Over the last few years, one thing I've noticed when hanging out with friends and watching t.v. (or movies) is that it's so...lifeless. I would much, much rather be interacting with people--getting to know them, laughing, sometimes even learning while playing games or just sitting around talking. A few families from my church have no television, and I love going to their houses and getting to interact without the distraction of the t.v.

Honestly, I don't even think there's much worth watching on the t.v., and even though there's not, it is still a time-waster that people watch. One can only imagine how many hours would not have been wasted if it weren't for the television.*

The NY Times had an article today about t.v. in kids' bedrooms and there are some old articles on Boundless by Bethany Torode on this topic as well. The first is called "Avert Thine Eyes"
and the second is here. And if anyone says you need t.v. to be a well-adjusted or well-cultured person...I'd question their definitions of those terms.

*="What about the Internet?" I can hear people say. It's true; the Internet is a time wasting machine. However, I think that the web is more interactive--blogging is a perfect example. Certainly, hours can be wasted upon it--I myself have been more guilty of this than I'd like to admit; one must use discernment and self-discipline with it, as with anything in life.


Thea said...

Amen! We haven't owned a TV in years and we don't miss it. Occasionally we find ourselves in a hotel with cable and we try out best to binge gloriously, but every time (except that one, when we happened upon a Reno 911 marathon) we've been disappointed by the fact that there's rarely anything on worth watching.

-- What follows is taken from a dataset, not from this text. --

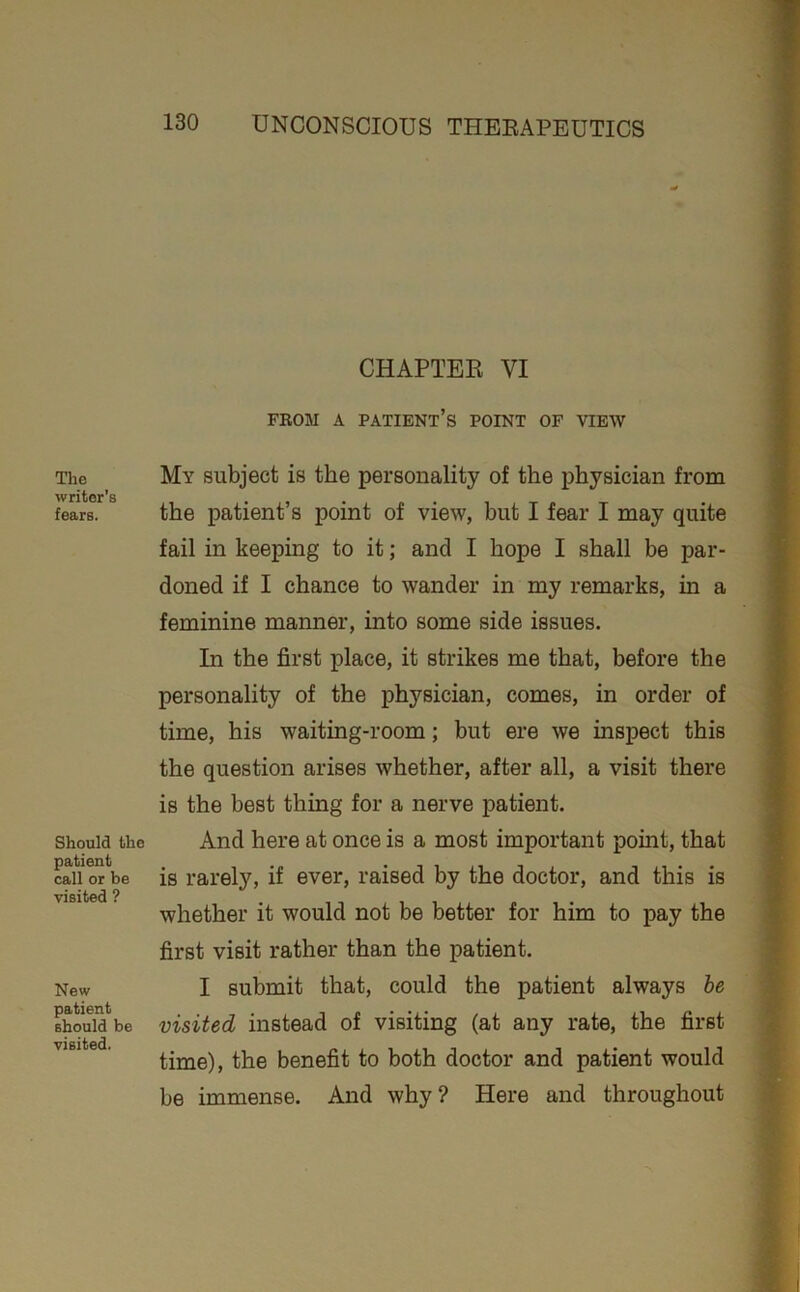 Tlie writer’s fears. Should the patient call or be visited ? New patient should be visited. CHAPTEK VI FROM A PAIIENt’s POINT OF VIEW My subject is the personality of the physician from the patient’s point of view, but I fear I may quite fail in keeping to it; and I hope I shall be par- doned if I chance to wander in my remarks, in a feminine manner, into some side issues. In the first place, it strikes me that, before the personality of the physician, comes, in order of time, his waiting-room; but ere we inspect this the question arises whether, after all, a visit there is the best thing for a nerve patient. And here at once is a most important point, that is rarely, if ever, raised by the doctor, and this is whether it would not be better for him to pay the first visit rather than the patient. I submit that, could the patient always he visited instead of visiting (at any rate, the first time), the benefit to both doctor and patient would be immense. And why? Here and throughout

(Whether or not Reno 911 is "worth watching" is, of course, debatable.)

Jacob said...

I concur. I would much rather spend 60-120 minutes in a coffee shop or restaurant with my friends than in a movie with them.

Jacob said...

Besides, beer tastes a lot better than movie popcorn!

D.S. from N.O. said...

I've wasted so much more time on the internet than I have with TV. So much more. I can easily sit and kill 4 or 5 hours doing absolutely NOTHING online. I don't think TV is the problem. I think the strange addictiveness of wasting time is the problem. Besides, TV can bring people together just like games can. My girlfriend and I would always watch American Idol together last year. I know that she also watches Gilmore Girls religiously with her mother, and it's some of the best time they spend together. You can't blame the TV for a time-wasting addiction any more than you can blame sleep aid companies for a prescription drug addiction. TV exists. It can be abused. However, it can also be a very positive thing.

I remember once hearing a term "destination TV." In other words, when you watch TV, you do it with a program in mind you want to watch. You watch that program, then you shut off the TV. You don't channel surf. You don't leave the TV on all day. The same thing could also apply to internet usage. When you're on the internet, you should always have something in mind you're doing (even if that something is just browsing the net). Do it, get it done, and get off. When I do that, I find I usually get to bed at a reasonable time, wake up rested, and have more enjoyable days. However, it's strangely hard to break the addiction of just sitting for hours online accomplishing nothing.

Really, I'd just say this: DO STUFF. That's basically the cure to this problem (and the problem is far broader than TV). Be an active person.

Of course, active people can watch TV and use the internet too, so... there's a good balance here.